Tableau 2. Ajustements des apports en azote basés sur la culture précédente (Guide agronomique des grandes cultures, publication 811F du MAAARO)

Culture précédente Ajustement (kg/ha)
Maïs-grain
0
Maïs à ensilage
14
Céréales
12
Soya
30
Haricots secs comestibles
30
Trèfle en culture couvre-sol (enfoui)
82
Trèfle en culture couvre-sol (semis direct)
67
Fourrages vivaces
-
Moins du tiers en légumineuses
0
Un tiers à un demi en légumineuses
55
Plus de la moitié en légumineuses
110

La DEO, ou dose économique optimale d'azote, est très variable d'une année à l'autre. Plusieurs facteurs contribuent à cette variation, comme la rotation des cultures, la matière organique, le fumier et le type de sol, et surtout les précipitations, particulièrement entre la mi-juin et la mi-juillet.
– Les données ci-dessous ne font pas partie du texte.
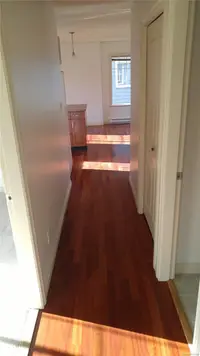 View 26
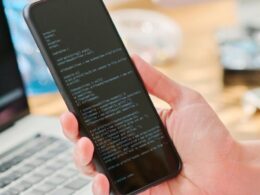 Desative o Modo Desenvolvedor do Seu Celular em Passos Simples e Rápidos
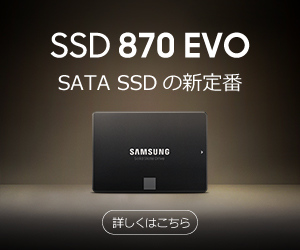 870 EVO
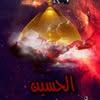 user7083672182296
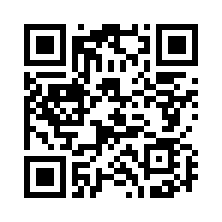 QR Code for 1Grq9RdFDfGFs5SZRA2SLvCSDdKiik6i4p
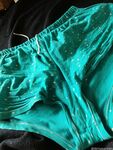 Onlyfans Leaked Photos - Dirtypanties Photo - Amateur Photos Dirtypanties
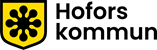 ADSelfService Plus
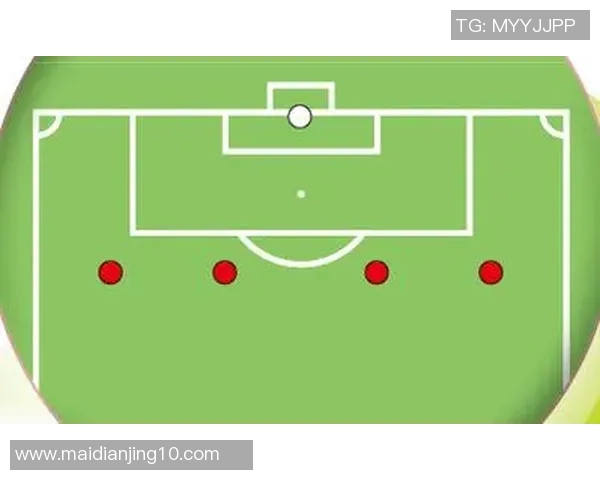 深入解析BLG战队在DOTA2比赛中的防守策略与战术布局 深入解析BLG战队在DOTA2比赛中的防守策略与战术布局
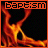 iconhell_mirrastarr_baptism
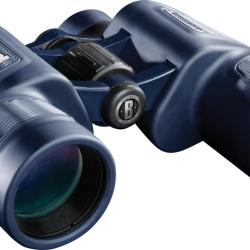 Bushnell Jumelle Bushnell h2o 8x42 prisme porro - R&eacute;f: FL134218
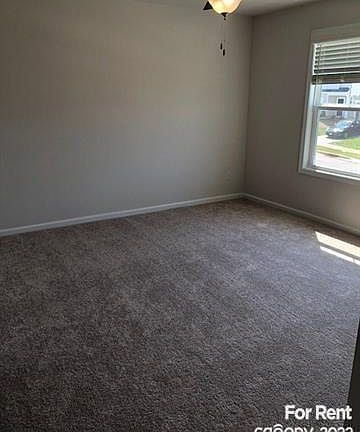 GetMedia-10_10202022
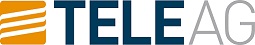 Tele AG Logo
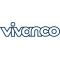 Vivanco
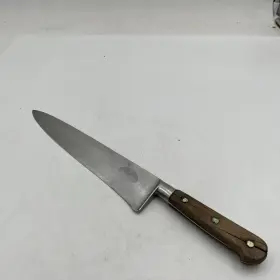 G-2780 EKCO Ancienne Maison Chefs Knife Blade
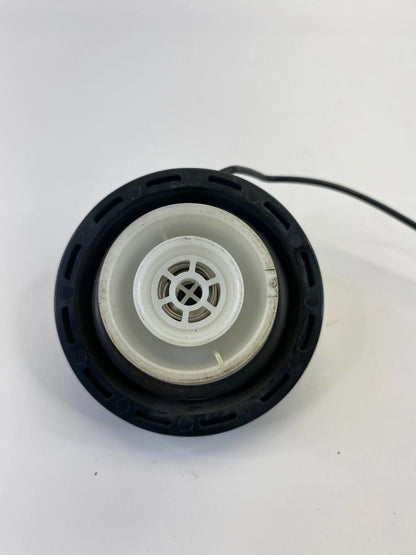 2011-2019 CHEVY CRUZE 2012-2020 CHEVY SONIC FUEL GAS TANK FILLER COVER CAP OEM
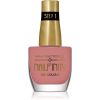 Max Factor Nailfinity Gel Colour geelikynsilakka – UV/LED-lamppua ei tarvita sävy 235 Striking 12 ml thumbnail 2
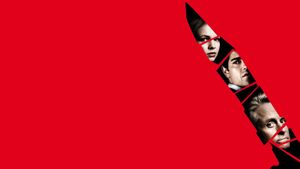Beyond a Reasonable Doubt's poster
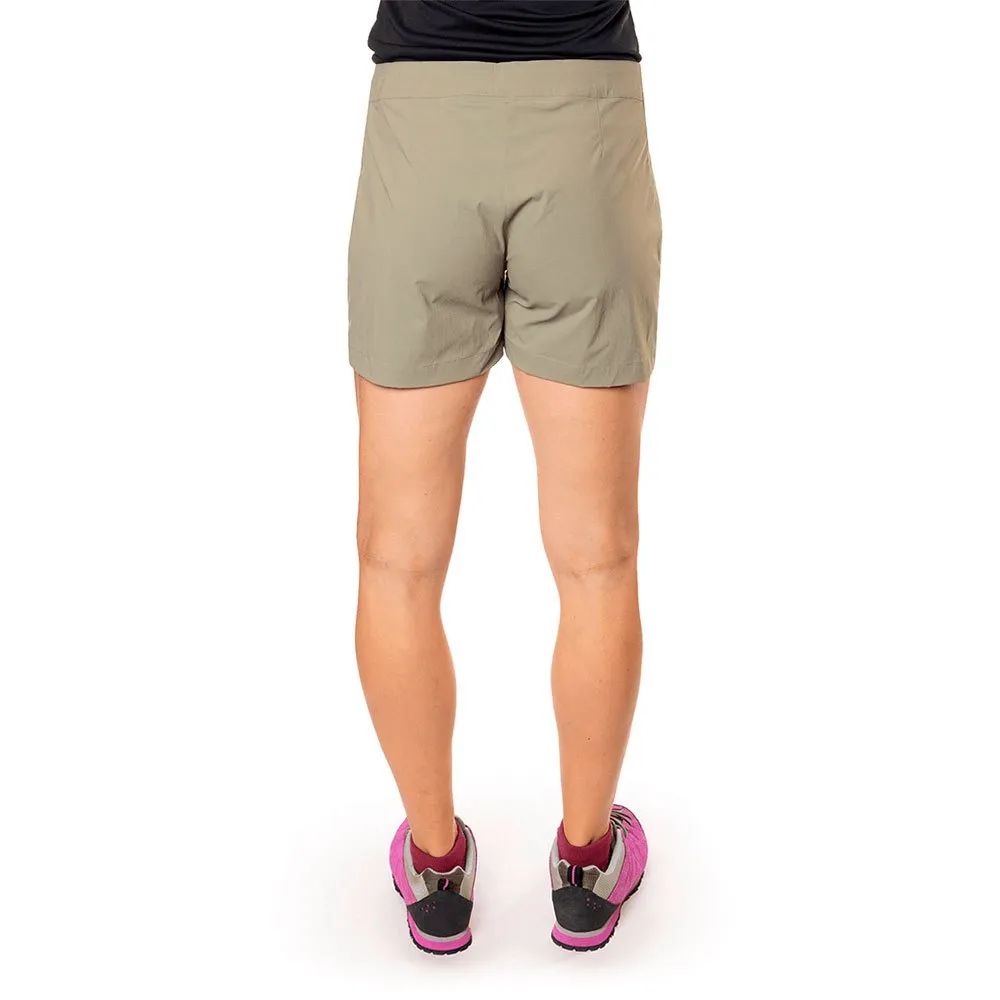 Trango Lerin Kurze Hose Trango Lerin Kurze Hose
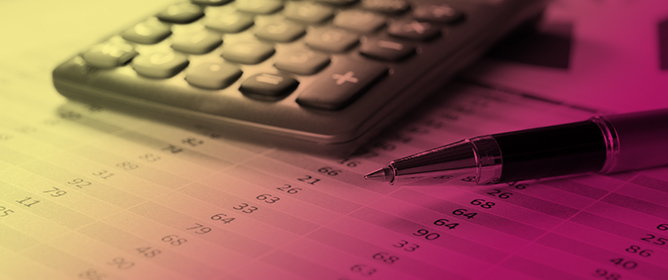 Maximum Likelihood and Calibrating Prior Prediction Reliability Bias Reference Charts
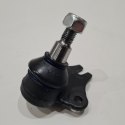 VOLKSWAGEN PASSAT GOLF III SEAT TOLEDO SWORZEŃ WAHACZA OPTIMAL G3-679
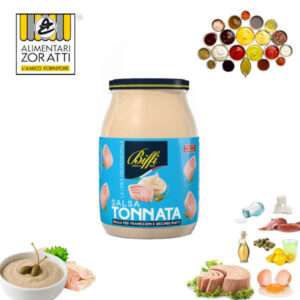 salsa-tonnata-vaso-gr-960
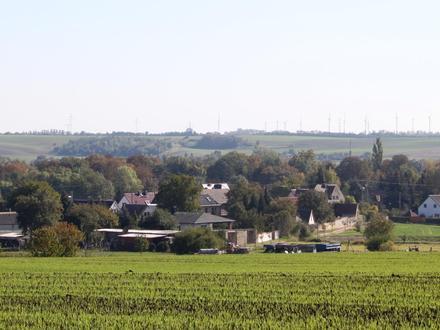 Bennstedt Image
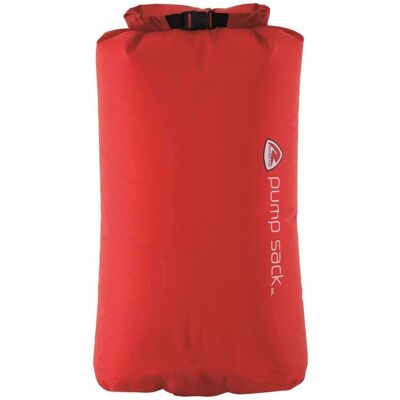 Robens Pump Bag - 25L - Publicité Robens Pump Bag - 25L - Publicité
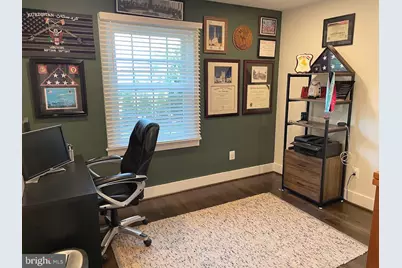 7308 Idylwood Road, Falls Church, VA 22043 - Photo 19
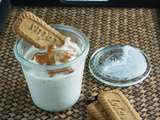 Crème glacée – 2 ingrédients et sans sorbetière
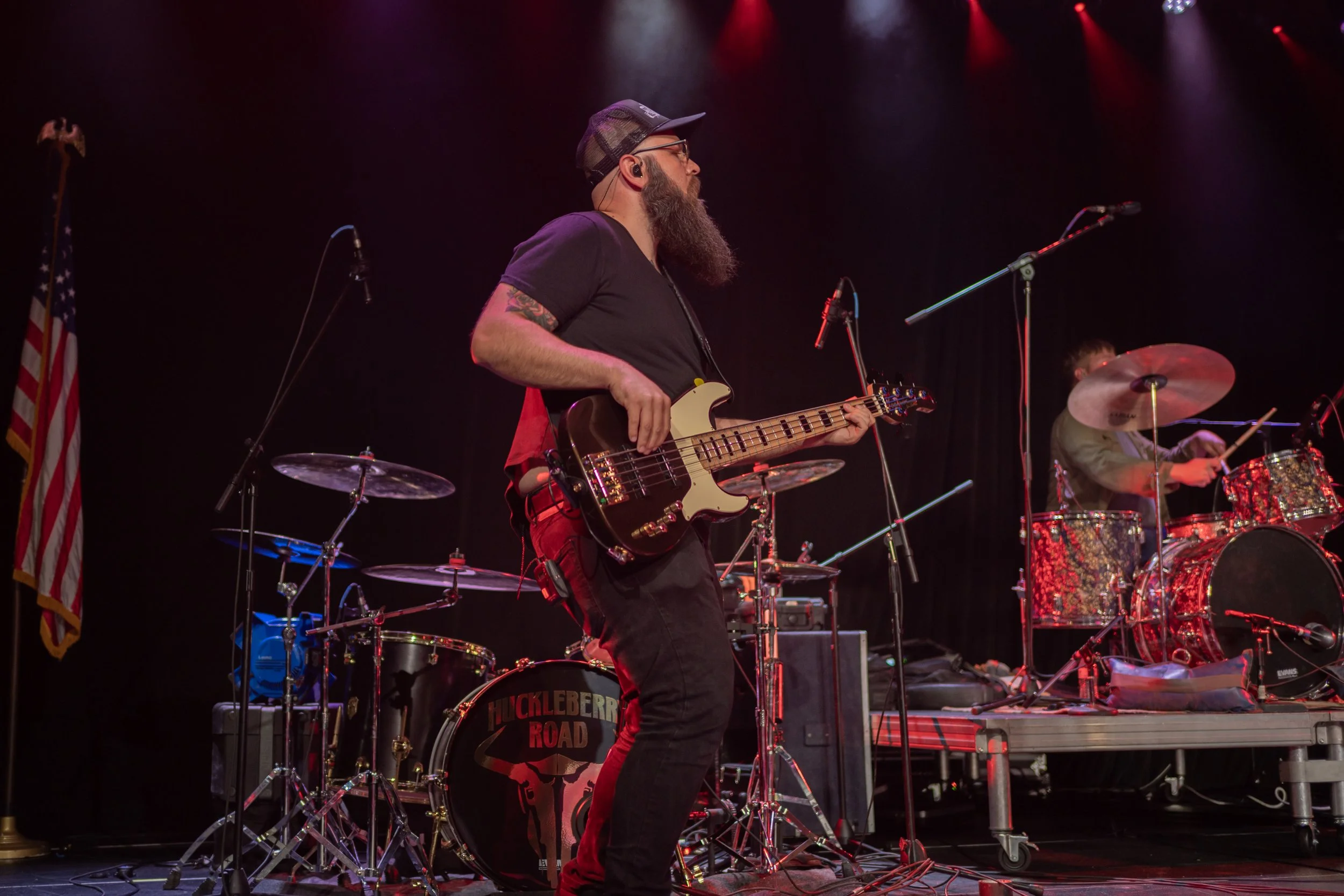 Patrice Rhythm&Rawhide 130.jpg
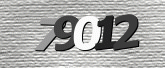 Captcha-kép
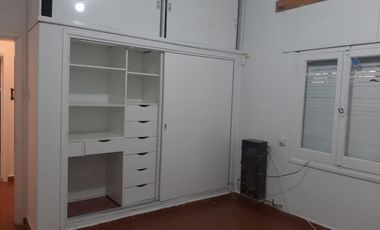 VENTA CASA 3 DORM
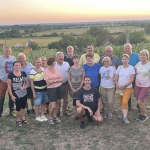 528328994_802187995599732_5174314815758968440_n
L'utilisation de pulvérisateurs sur tracteurs enjambeurs permet aux producteurs de fractionner leurs applications d'azote au cours de la saison jusqu'au stade de croissance V13 (lequel survient habituellement à la mi-juillet). Ces applications fractionnées offrent aux producteurs la possibilité d'optimiser l'utilisation de l'azote et de maximiser leur revenu net.